During Dija’s soft-launch, Menolascina says that typical customers have been doing their weekly food shop using the app, and also fulfilling other needs, such as last-minute emergencies or late night cravings. “The pain points Dija is helping to solve are universal and we built Dija to be accessible to everyone,” he says. “It’s why we offer products at retail prices, available in 10 minutes — combining value and convenience. Already, Dija is becoming a key service for parents who are pressed for time working from home and homeschooling, as one example”.
Despite the millions of dollars being pumped into the space, a number of VCs I’ve spoken to privately are skeptical that fresh groceries with near instant delivery can be made to work. The thinking is that fresh food perishes, margins are lower and basket sizes won’t be large enough to cover the costs of delivery.

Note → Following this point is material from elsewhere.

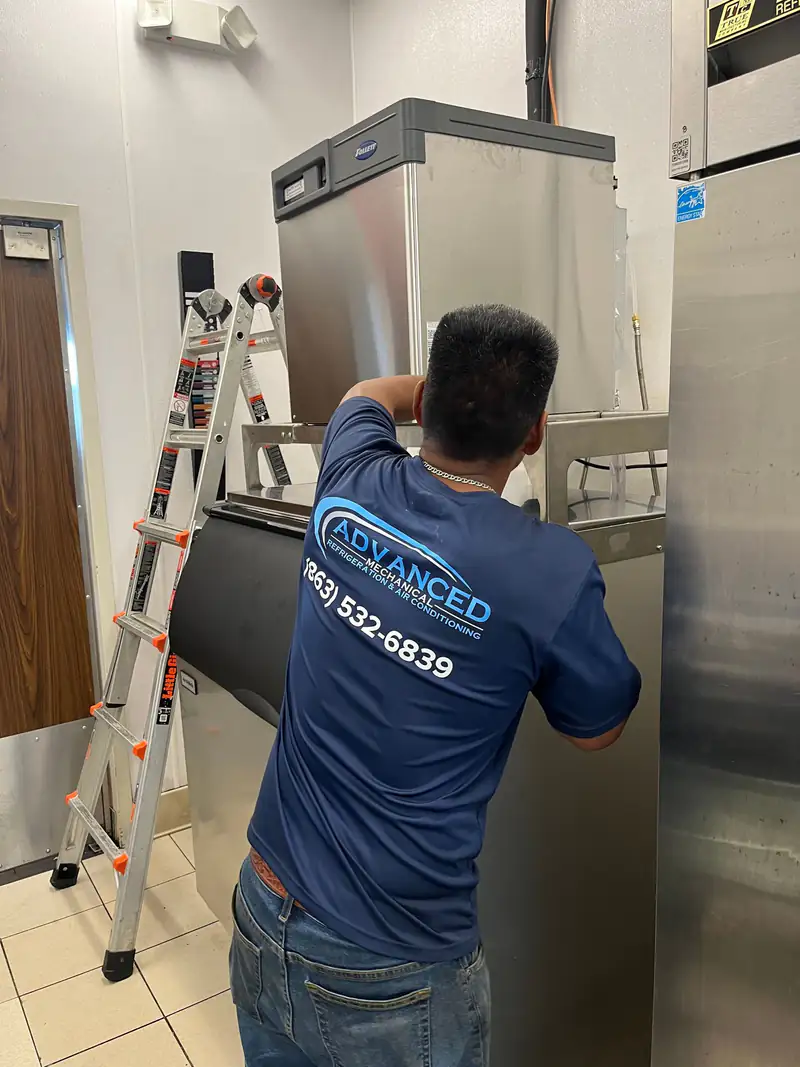 Advanced Mechanical technician working on a commercial ice machine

“This might be the case for other companies, but almost everyone at Dija comes from this industry and knows exactly what they are doing, from buying and merchandising to data and marketing,” Menolascina says, pushing back. “It’s also worth pointing out that we are a full-stack model, so we’re not sharing our margin with other parties. In terms of the average basket size, it varies depending on the customer’s need. On one hand, we have customers who do their entire grocery shop through Dija, while on the other hand, our customers depend on us for emergency purchases e.g. nappies, batteries etc.”
On pricing, he says that, like any retail business, Dija buys products at wholesale prices and sells them at recommended retail prices. “Going forward, we have a clear roadmap on how we generate additional revenue, including strategic partnerships, supply chain optimisation and technology enhancements,” adds Menolascina.
Image Credits: TechCrunch
Meanwhile, TechCrunch has learned that prior to launching its own app, Dija ran a number of experiments on takeout marketplace Deliveroo, including selling various convenience store items, such as potato chips and over-the-counter pharmaceuticals. If you’ve ever ordered toiletry products from “Baby & Me Pharmacy” or purchased chocolate sweets from “Valentine’s Vows,” you have likely and unknowingly shopped at Dija. Those brands, and a number of others, all delivered from the same address in South Kensington.
“Going direct to consumer without properly testing pick & pack is a big risk,” Menolascina told me in a WhatsApp message a few weeks ago, confirming the Deliveroo tests. “We created disposable virtual brands purely to learn what to sell and how to replenish, pick & pack, and deliver”.